A member of the House of Lords’ International Relations and Defence Committee, Ms Smith said her efforts were currently focused on getting those still in Afghanistan out and blamed bureaucracy for wasting precious time.
“We have left many people behind…[and] a lot of noise should be made to ensure all those vulnerable come here,” she said.
Lee Parker of SEPAR, a risk management and security company that operates in Afghanistan, said he had a list of 2,500 vulnerable people he was trying to get out of the country, but called the slow pace of processing “very frustrating”.
“Even if we can get people to the border of a neighbouring country we still can’t get them through without the right documentation,” he said.
Country co-ordinator for Afghanistan at Amnesty International, Nigina Zarifi, said the human rights organisation also had a long list of at-risk Afghans they were trying to evacuate but criticised the lack of support or answers from the UK government.
“People are losing trust,” Ms Zarifi said. “We want firmer answers from the government … the slow response from the UK government is risking lives.”
Under the radar
Amid the country’s stalled banking system and fears of Taliban persecution, there are worries that those at risk will soon run out of money and become unreachable as they go into hiding.
Foreign Office minister James Cleverly promised on Thursday that all correspondence from MPs about rescuing Afghans fleeing the Taliban would be answered by next Thursday.

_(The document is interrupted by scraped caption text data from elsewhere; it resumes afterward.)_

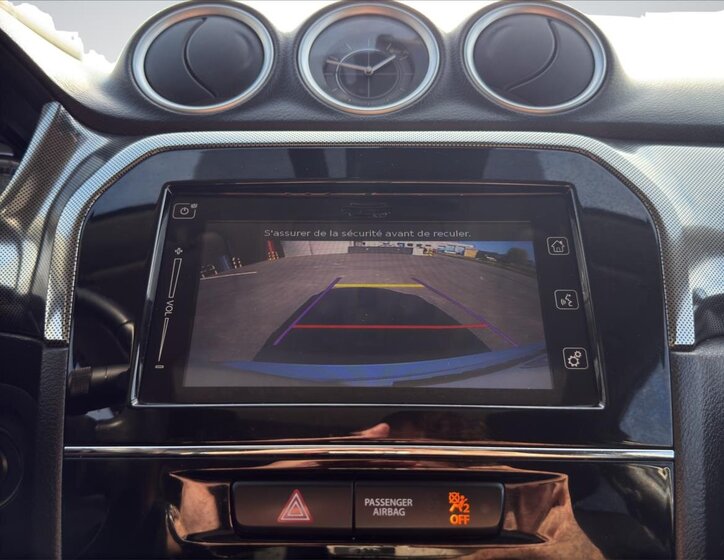 Suzuki Vitara SUV / Terénní 1,4 l 103 kw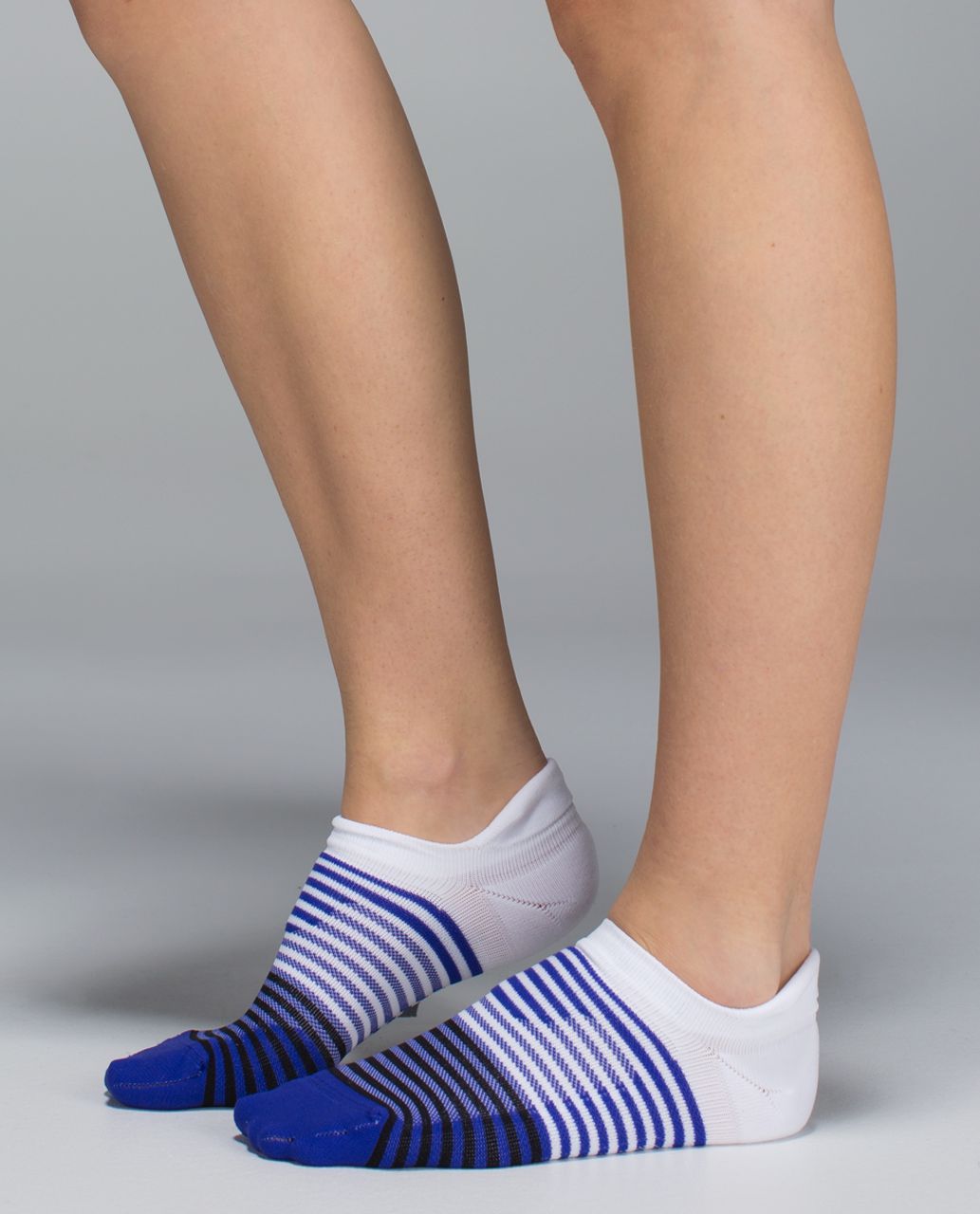 Lululemon Women's Ultimate No Show Run Sock *Ergo Toes - 4x4 Stripe Pigment Blue White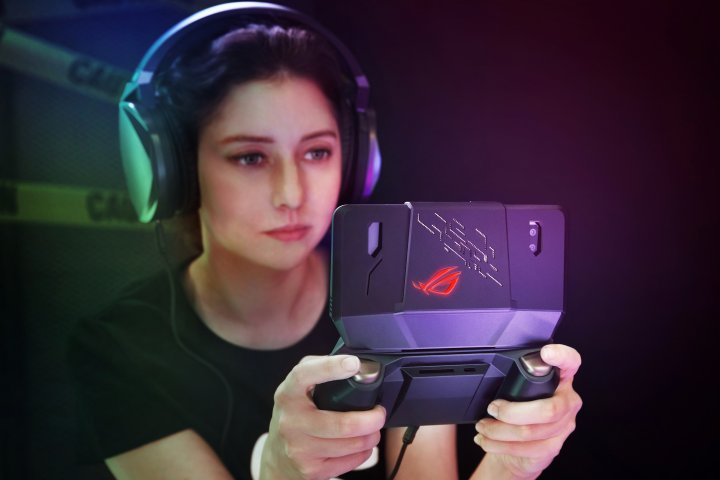 Asus_ROG_Phone_Maedchen_spielt.jpg, 625 KB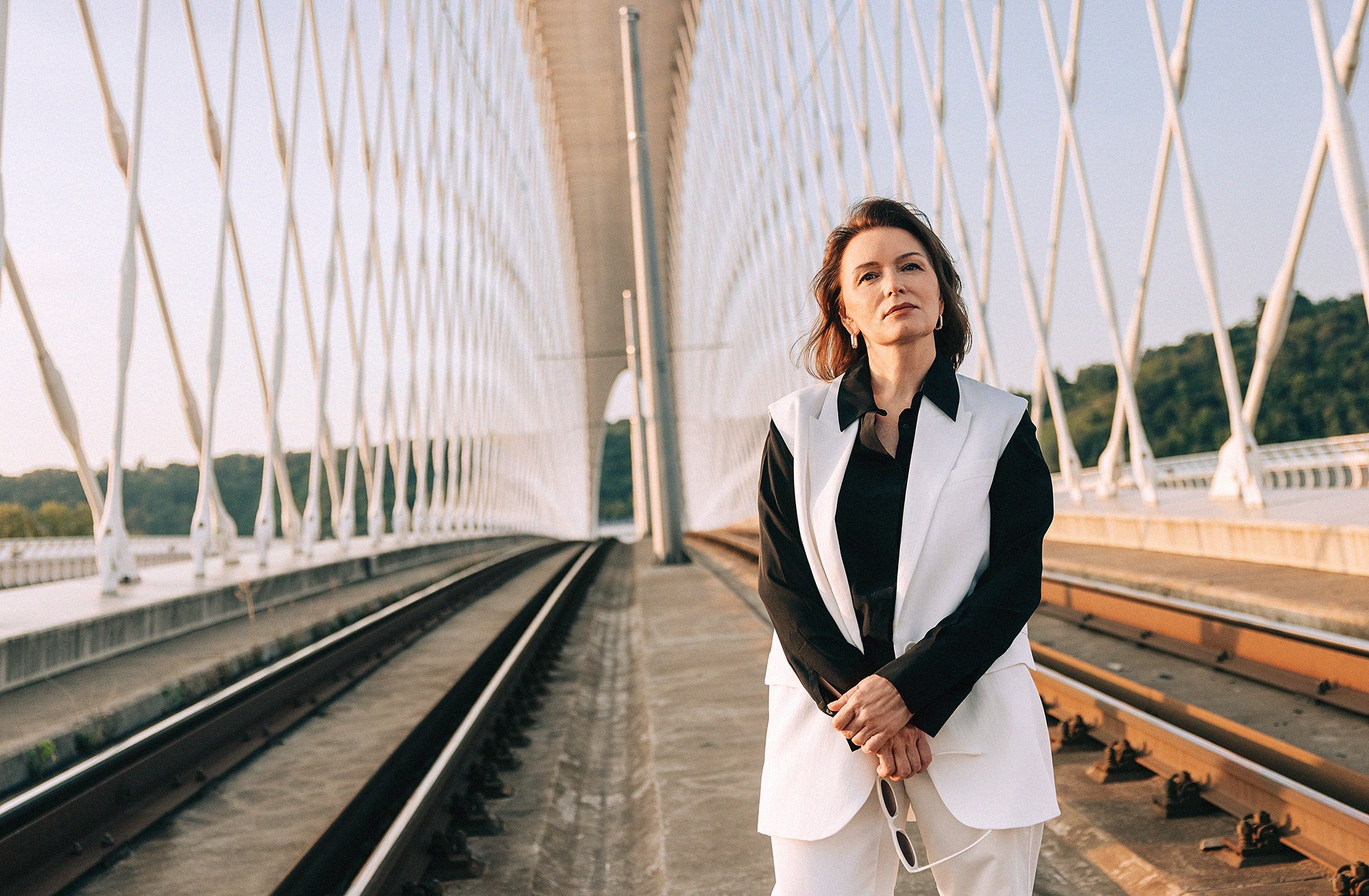 Elena in Troja bridge. Rodinný a svatební fotograf v Praze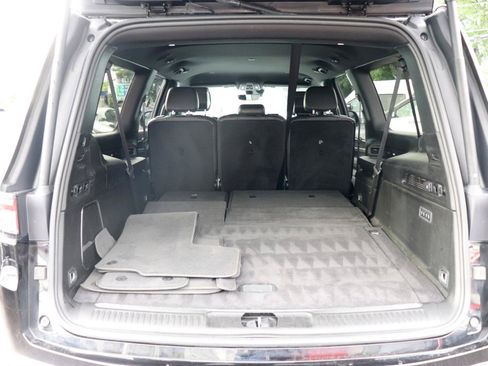 Used 2024 Jeep Wagoneer L Series II w/ Flexible Seating Group AWD/4WD image 65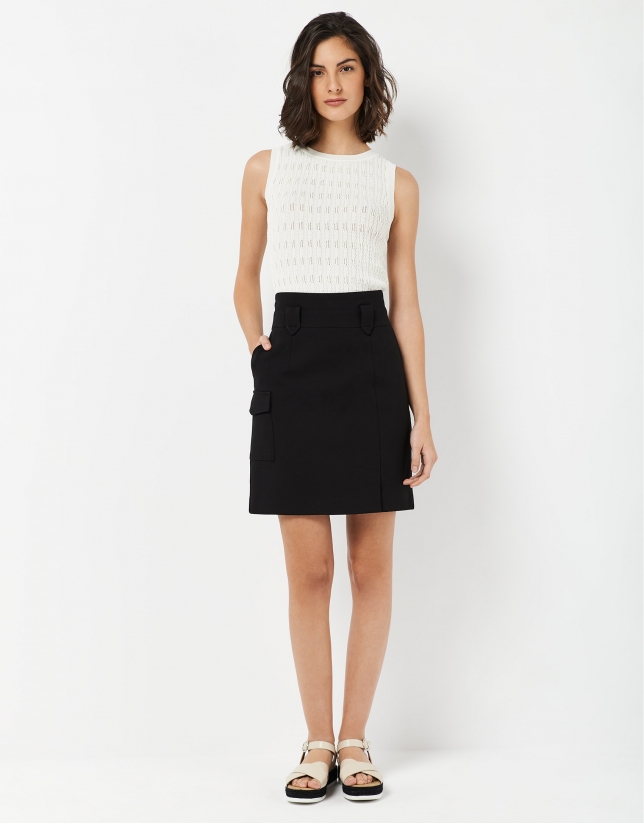 Short black skirt with pocket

The minister was responding to an urgent question raised after the prime minister promised all letters and emails from MPs on the matter would be answered by the end of Monday, September 6.
“Since the completion of the evacuation phase we have been urgently working through the correspondence including the hundreds of letters we received from MPs and peers many of which contained multiple cases,” Mr Cleverly told the Commons, adding that more than 100 additional staff had been assigned to work through the caseload.
Former Labour minister and current MP, Chris Bryant, said the government’s approach was a “shambles” and called for a “single point of contact” for all cases raised by MPs.
Ms Smith said that new hotline numbers had been set up for peers to follow up on evacuation plans, but said it was necessary to continue pushing the government on individual cases.
On Thursday, the UK’s Foreign Secretary Dominic Raab confirmed that 13 British nationals had been safely evacuated from Kabul to Doha. Mr Raab said he expected the Taliban to keep their commitment to allow safe passage for those who want to leave, however there are still no clear plans for how and when the thousands of remaining Afghans who are eligible for resettlement abroad would be transported.
Those who were lucky enough to have made it out while evacuations were still under way remain fearful for those left behind. Under ARAP, Mr Aziz was only allowed to bring his wife and children under 18 years old, but he is worried for the safety of his two adult children, particularly his daughter, who are still in Kabul.
Hailing from the Panjshir Valley, the heartland of anti-Taliban resistance, Mr Aziz is worried his children will be taken and harmed by the Taliban for being a part of the minority community. The hard-line rulers are reportedly searching homes door-to-door, pushing many Afghans into hiding.
“We’re worried the Taliban will do to the Panjshir what ISIS did to the Yazidis,” he said. “Everyone here is concerned about their family members back home.”
The ACAA is playing a large role in comforting worried Afghans in the UK and facilitating applications made on their behalf to bring over remaining family. Since the fall of Kabul, the organisation has registered 7,000 people on their system and sent two containers of clothes, toys and sanitary items to several hotels in and around London where Afghans are staying.
The association’s founder, Dr Nooralhaq Nasimi, said his repeated requests to work in co-ordination with the Home Office had gone unanswered.
“The last few weeks have shown how important partnership is … we welcome working with the Home Office during this difficult time,” he said.